■ Exercise prompt ■
Should an entry contain an image, leave the image out and repeat the entry's text exactly.

Input for this task section start

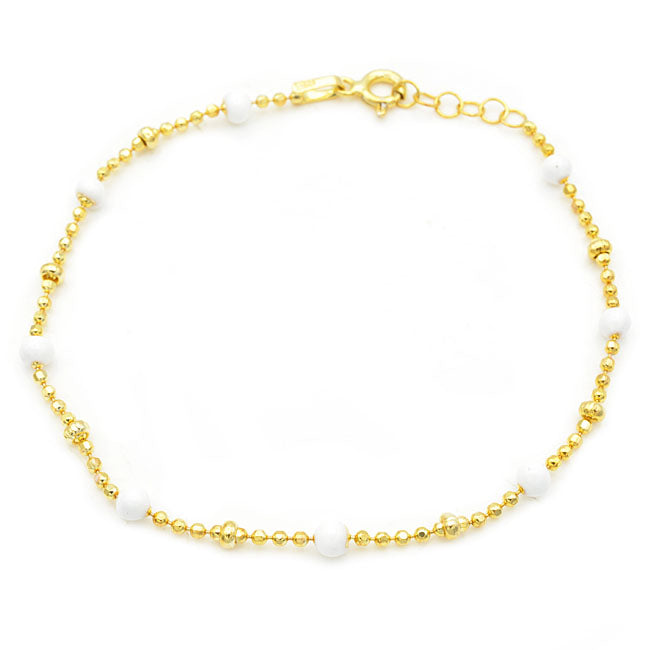 Sterling Silver Gold Plated Beaded Chain Bracelet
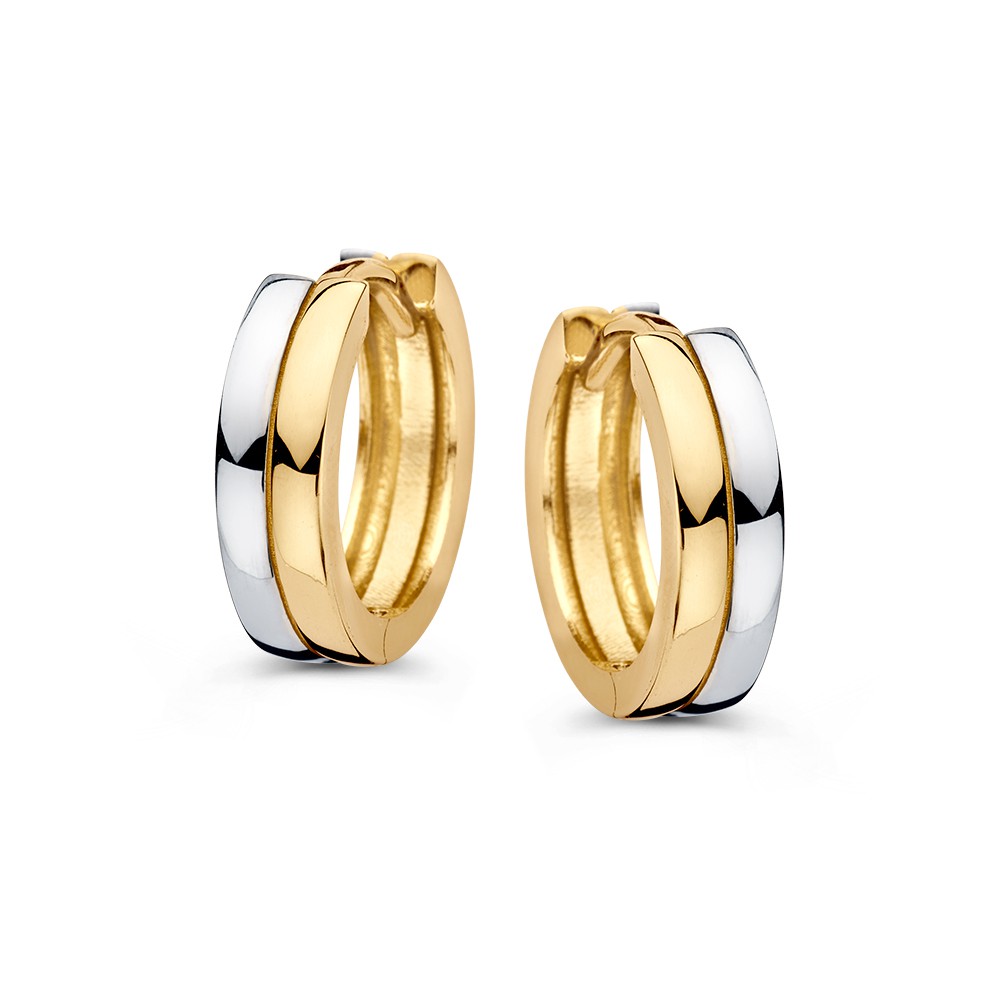 Oorringen bicolor,  modelnummer OE407726, zijn elegante creolen gemaakt van goud. Zehebben een juweelgrootte van 8,7 mm en een glanzende afwerking. De goudkleurige, ronde vorm maakt ze perfect voor elke gelegenheid. Dankzij de klapsluiting zijn ze eenvoudig te dragen. Draag ze met je favoriete outfit voor een verfijnde look.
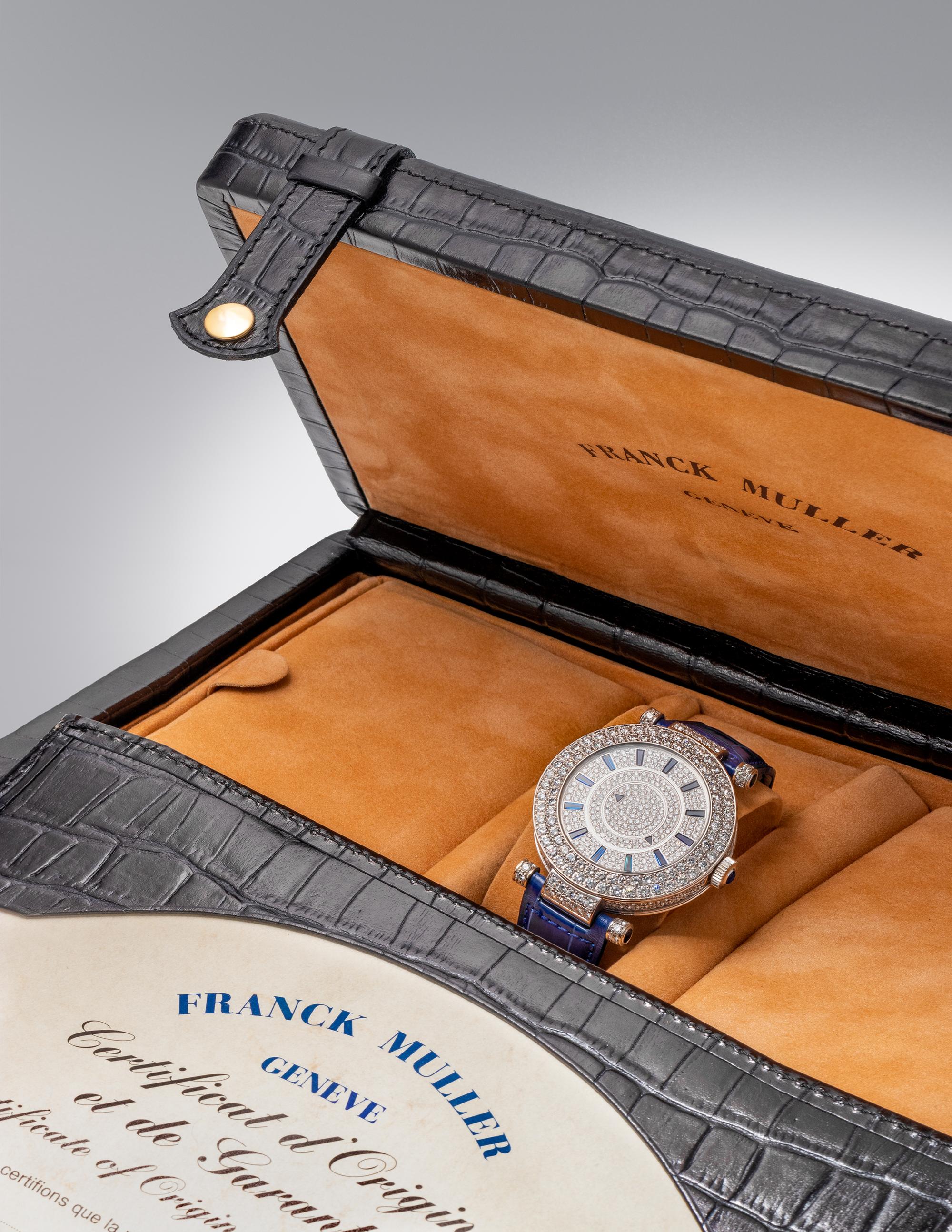 FRANCK MULLER, 18K WHITE GOLD AND DIAMOND REF. DM 42D2RCD 'DOUBLE MYSTERY' WRISTWATCH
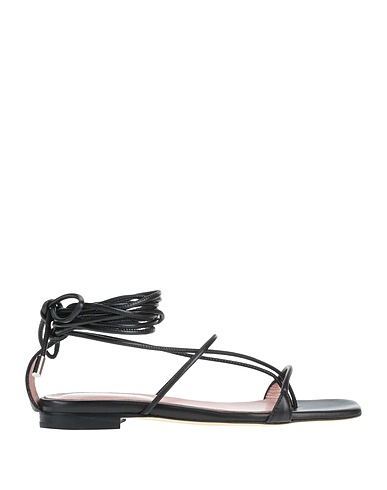 ANNA F. Flip flops Black Leather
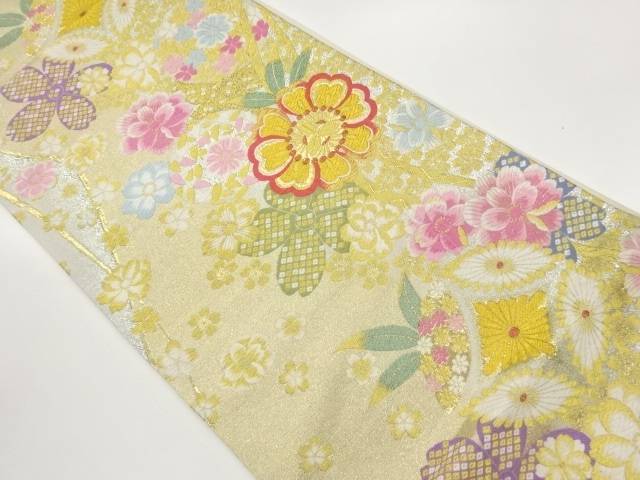 花々に花菱模様織出し袋帯【中古】【着】【袋帯】 宗sou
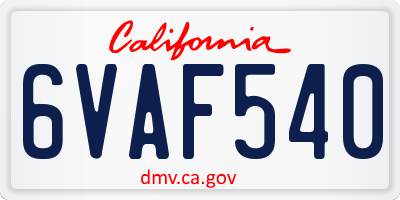 CA license plate 6VAF540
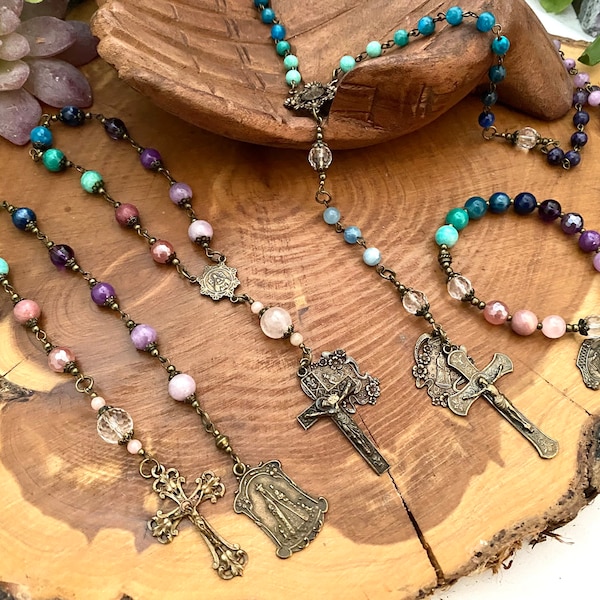 Collection - Saint Anne Medal, Catholic Gifts, Chaplet, Stretch Bracelet, Wrap Rosary, Rosary, Rosary Bracelet, Catholic Jewelry, Crucifix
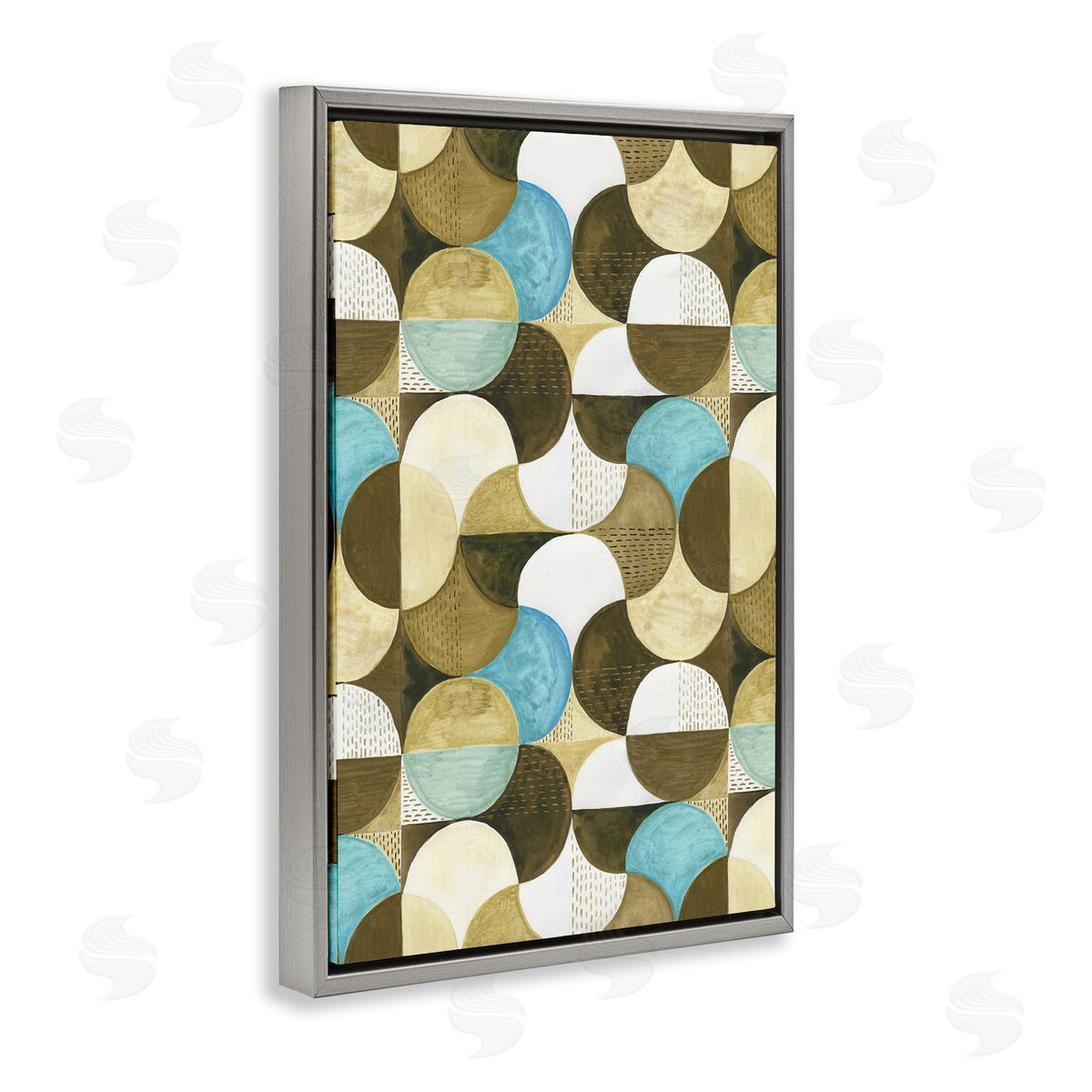 Boho Circular Pattern Grey Floating Frame Canvas Wall Art, Home Decor by Incado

Input for this task section end

■ Task output ■
 Sterling Silver Gold Plated Beaded Chain Bracelet
 Oorringen bicolor,  modelnummer OE407726, zijn elegante creolen gemaakt van goud. Zehebben een juweelgrootte van 8,7 mm en een glanzende afwerking. De goudkleurige, ronde vorm maakt ze perfect voor elke gelegenheid. Dankzij de klapsluiting zijn ze eenvoudig te dragen. Draag ze met je favoriete outfit voor een verfijnde look.
 FRANCK MULLER, 18K WHITE GOLD AND DIAMOND REF. DM 42D2RCD 'DOUBLE MYSTERY' WRISTWATCH
 ANNA F. Flip flops Black Leather
 花々に花菱模様織出し袋帯【中古】【着】【袋帯】 宗sou
 CA license plate 6VAF540
 Collection - Saint Anne Medal, Catholic Gifts, Chaplet, Stretch Bracelet, Wrap Rosary, Rosary, Rosary Bracelet, Catholic Jewelry, Crucifix
 Boho Circular Pattern Grey Floating Frame Canvas Wall Art, Home Decor by Incado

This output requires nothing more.